Fais-moi entendre la joie et l’allégresse, et que les os que tu as brisés se réjouissent.

Ce n’est pas sans raison que je répète si souvent, que nous avons dans ce psaume non seulement un exemple de justification en David, mais aussi une pleine et parfaite explication de cette céleste doctrine de la justification, de quelle manière elle se fait dans tous les hommes. De sorte que ce psaume est comme une règle générale qui marque comment tous les hommes peuvent être justifiés. Les deux versets précédents nous ont proposé une partie de cette règle, le prophète y a réfuté et détruit tous les autres fondements et les moyens inutiles que les hommes emploient pour se délivrer du péché et pour se réconcilier à Dieu, qui sont ou les bonnes œuvres de la Loi, ou les autres bonnes œuvres que les hommes se choisissent par un surcroît de dévotion. Car il ne demande pas seulement la vérité cachée pour la destruction de l’hypocrisie, mais il demande aussi une autre aspersion que celle de la Loi. Afin de mieux expliquer ce qu’il veut dire, il ajoute : Tu me feras entendre la joie et l’allégresse ; comme s’il voulait dire, tu me laveras d’une telle manière, que par là j’en ressentirai de la joie et de l’allégresse, et j’aurai la paix du cœur et de la conscience par la parole de ta grâce.

§ 68. La foi vient de ce que l’on entend.

L’emphase est dans ce mot ouïr ; par où il veut faire comprendre que la rémission des péchés qui est ce qui seul apporte une véritable joie, se donne par la parole et se reçoit en l’entendant. Car quand même tu te martyriserais et te mortifierais jusqu’à mourir, et que tu répandrais ton sang, et que tu ferais d’un prompt courage tout ce qui pourrait dépendre de l’homme, tu ne ferais rien par là ; le seul ouïr de la parole de Dieu est ce qui cause la joie au cœur, c’est le seul moyen par lequel il est tranquillisé et assuré devant Dieu ; toutes les autres choses laissent encore dans les âmes des craintes et des doutes.

Remarquez donc ces choses qui sont comprises dans les énergiques expressions dont le Saint-Esprit se sert, car il veut encore continuer à réfuter et à rejeter les fausses doctrines qu’il a déjà censurées ci-dessus. Car ici il veut taxer d’insuffisance toutes les différentes voies par lesquelles les consciences troublées cherchent quelque soulagement, lesquelles, quoiqu’elles aient une pompeuse et belle apparence, ne donnent et ne procurent pourtant point cette joie que l’ouïe de la parole donne.

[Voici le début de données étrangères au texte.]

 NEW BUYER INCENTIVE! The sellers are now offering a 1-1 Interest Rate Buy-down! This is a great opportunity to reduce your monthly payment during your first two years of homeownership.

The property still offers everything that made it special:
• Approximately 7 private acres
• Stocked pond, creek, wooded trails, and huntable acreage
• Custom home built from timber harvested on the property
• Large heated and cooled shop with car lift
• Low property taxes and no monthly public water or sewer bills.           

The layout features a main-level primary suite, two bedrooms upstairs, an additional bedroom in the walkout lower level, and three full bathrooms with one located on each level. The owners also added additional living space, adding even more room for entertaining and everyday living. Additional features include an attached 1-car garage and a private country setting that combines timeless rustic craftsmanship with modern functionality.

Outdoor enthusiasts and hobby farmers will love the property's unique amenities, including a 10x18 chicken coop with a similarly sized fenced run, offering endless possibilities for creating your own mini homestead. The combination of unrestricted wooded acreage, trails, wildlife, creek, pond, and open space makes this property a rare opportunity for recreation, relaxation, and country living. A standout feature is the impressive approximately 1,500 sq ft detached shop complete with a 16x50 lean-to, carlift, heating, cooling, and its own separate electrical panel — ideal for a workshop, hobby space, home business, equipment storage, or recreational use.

Car quand les pauvres âmes sont pressées en leurs consciences, elles courent de côté et d’autre, elles se donnent beaucoup de mouvement, et entreprennent tantôt une bonne chose tantôt une autre, ne faisant par là que de s’accroître un travail inutile, dans le temps qu’elles devraient chercher ce seul et unique remède que David nomme ici une aspersion, une purification qui se donne par l’ouïe et la réception de la parole.

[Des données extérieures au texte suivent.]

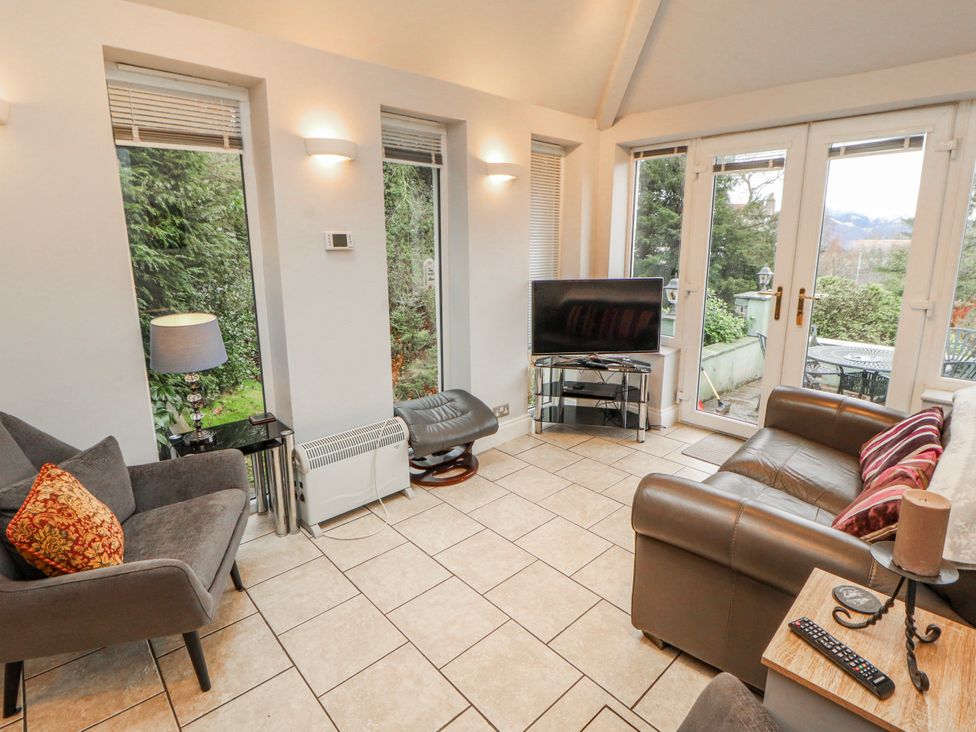 A living room with a sofa and television at High Cross in Keswick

Toute l’œuvre de notre justification se fait d’une manière passive, quant à nous ; mais quand nous nous sentons quelque sainteté, nous voulons ainsi influer d’une manière active à notre justification, c’est-à-dire que nous voulons être justifiés par nos œuvres. Mais selon notre psalmiste, nous ne devons faire aucune autre chose en cette affaire que de prêter nos oreilles et notre attention (comme le psaume 45e le déclare aussi) à ce qu’il nous dit, et le recevoir par la foi ; cela seul est la cause de la joie, et c’est là la seule chose que nous faisons, aidés du Saint-Esprit dans l’œuvre de notre justification. C’était une parole d’allégresse que le paralytique entendit quand Jésus lui dit : Aie bon courage, mon fils, tes péchés te sont pardonnés ; c’était aussi une cause de joie quand David entendit de la bouche de Nathan : Tu ne mourras point.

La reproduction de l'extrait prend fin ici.